For my second project, I will explore the concept of corruption in the early Americas during the seventeenth and eighteenth centuries. By examining the historical evolution of corruption, this next project addresses questions such as: What is corruption and, by contrast, what is good governance? Who creates law and when is it enforced? Can societies be corrupt or only institutions? Focusing on the intersections of race, culture, gender, economic, and the law, my next project will explore corruption throughout the early Americas as a complex social function.

Keywords

 

  • Empires and Colonialism
  • Race and Ethnicity
  • Social
  • Comparative and Transnational

 

Departments/Programs

  • American Studies Program
  • History

Courses

Fall 2021

Publications

The Predatory Sea: Human Trafficking, Colonization, and Trade in the Greater Caribbean, 1530-1690. Book manuscript in progress.

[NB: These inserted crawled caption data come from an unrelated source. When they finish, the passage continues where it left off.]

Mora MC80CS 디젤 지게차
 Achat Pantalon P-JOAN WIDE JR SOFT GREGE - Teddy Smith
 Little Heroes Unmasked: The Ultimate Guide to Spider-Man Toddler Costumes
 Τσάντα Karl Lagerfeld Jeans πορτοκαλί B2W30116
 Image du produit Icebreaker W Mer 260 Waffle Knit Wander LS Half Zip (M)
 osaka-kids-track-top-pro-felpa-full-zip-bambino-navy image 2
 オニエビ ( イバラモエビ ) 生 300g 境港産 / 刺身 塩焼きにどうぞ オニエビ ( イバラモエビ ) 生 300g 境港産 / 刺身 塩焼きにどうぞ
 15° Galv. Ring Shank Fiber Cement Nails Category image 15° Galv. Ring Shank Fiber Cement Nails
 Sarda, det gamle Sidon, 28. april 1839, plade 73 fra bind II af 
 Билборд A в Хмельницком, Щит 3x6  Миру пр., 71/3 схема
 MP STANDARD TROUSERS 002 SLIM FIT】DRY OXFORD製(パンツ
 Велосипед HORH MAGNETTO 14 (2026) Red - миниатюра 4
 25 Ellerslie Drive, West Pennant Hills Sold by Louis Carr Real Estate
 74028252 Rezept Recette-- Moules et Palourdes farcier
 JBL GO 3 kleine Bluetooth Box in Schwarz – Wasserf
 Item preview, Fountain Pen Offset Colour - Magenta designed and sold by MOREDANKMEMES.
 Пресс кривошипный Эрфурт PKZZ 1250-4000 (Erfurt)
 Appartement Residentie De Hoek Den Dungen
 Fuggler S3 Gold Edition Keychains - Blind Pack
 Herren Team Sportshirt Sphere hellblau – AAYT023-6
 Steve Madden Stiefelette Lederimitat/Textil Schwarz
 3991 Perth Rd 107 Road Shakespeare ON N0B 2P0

“Centering Spanish Jamaica: Regional Competition, Informal Trade, and the English Invasion, 1620-1662,” William & Mary Quarterly, 3d ser., 76, no. 4 (October,  2019): 1-30.

“Pirates, Planting, and the Rights of Mankind in Seventeenth-Century Tortuga,” The Latin Americanist, Vol. 61, No. 4 (December, 2017): 584-99.

“Virtue in Corruption: Privateers, Smugglers, and the Shape of Empire in the Eighteenth-Century Caribbean,” Early American Studies, Vol. 13, No. 1 (Winter, 2015): 80-110.